提出直前であれば直前のコードが正しそうであれば「実質AC!」と伝えることはできますが、それ以外のときは1から書き直さないといけなく、意欲を下げてしまう原因の1つでした。
自動保存機能のおかげでこの様な事故を防ぎ、また次回エディタを開いたときに前回のコードが残っているので、1から書き直さなくてもコードを流用などができるようになるなどの利点があります。

2.標準出力が順次表示される

オンライン実行環境のほとんどはコードを投げてその標準出力を得るバッチ式です。この場合、for文の講義などで無限ループを書いてしまった場合、実行時間制限で終了するまで結果が帰ってこないことになります。
Simple C++ Editor では wandbox の標準出力などを stream を使用して順次手元に送ってくれる機能を使用しているので、時間のかかるプログラムを実行してしまったときでも順次結果を表示させることができます。

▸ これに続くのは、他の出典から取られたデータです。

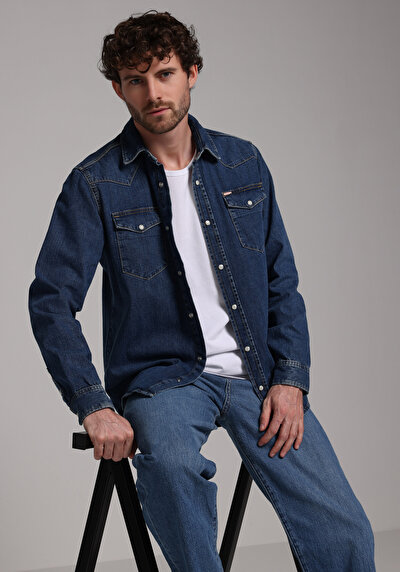 Image de Shırt À Manches Longues Regular Fit Droit Jean Homme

3.行番号だけじゃなくて、ソースコード上にもコンパイルエラー表示

CS Academy や C++ shell などでは、コンパイルエラーを解析して行番号にエラー表示をすることはできますが、行内のどこにエラーがあるかは教えてくれません。

2.jpg

本来コンパイルエラーには行番号の他にもエラーの開始位置の情報も入っているのですが、終了位置の情報が入っていないので一般的な実行環境ではこうなっているのでしょう。しかし Simple C++ Editor ではコンパイルエラーを頑張ってパース(解釈)2して、エラーの詳しい位置をコード上に表示しています3
3.jpg

入門者に教えるときは、エラー発生時の対処を自分でもできるよう、直接原因を教えるのではなく、なんでエラーになるか考えてみよう、と指導しています。行番号だけだとピンとこない生徒も沢山いたのですが、この様に赤線を引いてくれればすぐに ; 忘れだなと気づいてくれます。エラーの原因がずっと分からないのは学習意欲の大きな妨げなので、これは重要です。

4.エラーメッセージに日本語表示を追加

上の画像を見てもらうと分かるのですが、エラーの場所にマウスカーソルを置くと、エラーメッセージを表示してくれます。そこまでは良いのですが、なんと日本語表示も追記してくれており、更に単なる和訳だけではなく どこかで「;」を忘れていませんか と、何が悪かったかの提案もしてくれます。

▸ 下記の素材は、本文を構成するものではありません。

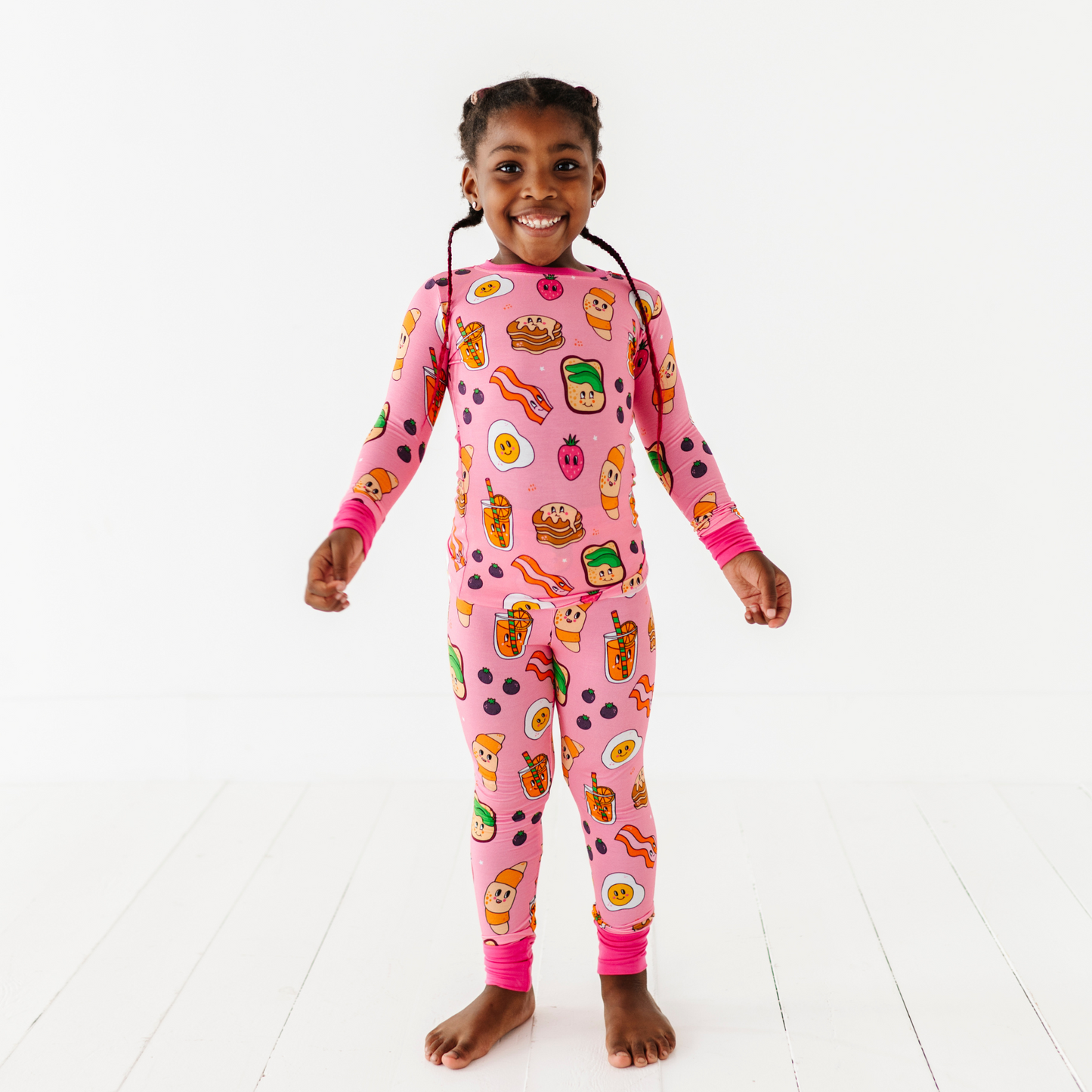 Girl in Breakfast Pajamas by Kiki and Lulu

Simple C++ Editor は裏で wandbox にコードを実行してもらっているのですが、メッセージは全て英語で提供されます。中高生にとって英語のメッセージはなれていない人も多く、学習意欲低下の原因の一つなのですが、ここで典型的なメッセージには和訳をつけることで、だいぶエラーへの抵抗が減ります。
更に、大抵のエラーメッセージは初心者にとって英語を理解できたとしても「だからなに??」みたいな物が多いのですが、改善案も提供することで、何をすれば良いのかすぐに分かる仕様です。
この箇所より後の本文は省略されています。